:: DATA BELOW ::

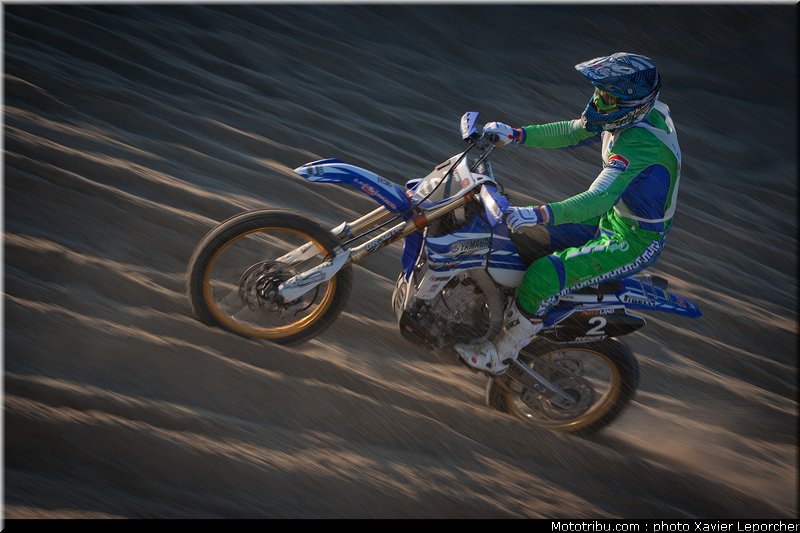 mousse_004_beach_cross_berck_sur_mer_2011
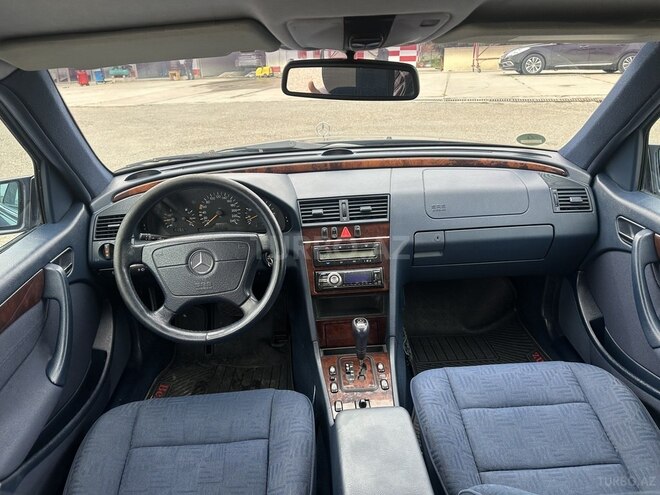 Mercedes C 200 2000, 219,000 km - 2.0 л - Gəncə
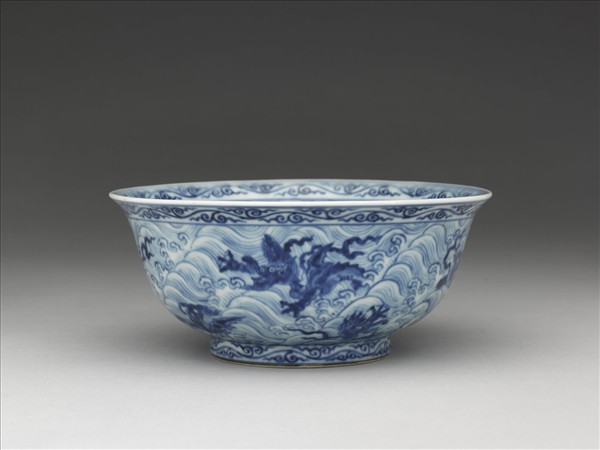 青花波濤海獸紋碗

:::

From the line containing "Mercedes C 200" down to the end of the listing above, every line is to be returned exactly, though the pictures are not.

## ANSWER FOR THE TASK
 Mercedes C 200 2000, 219,000 km - 2.0 л - Gəncə
 青花波濤海獸紋碗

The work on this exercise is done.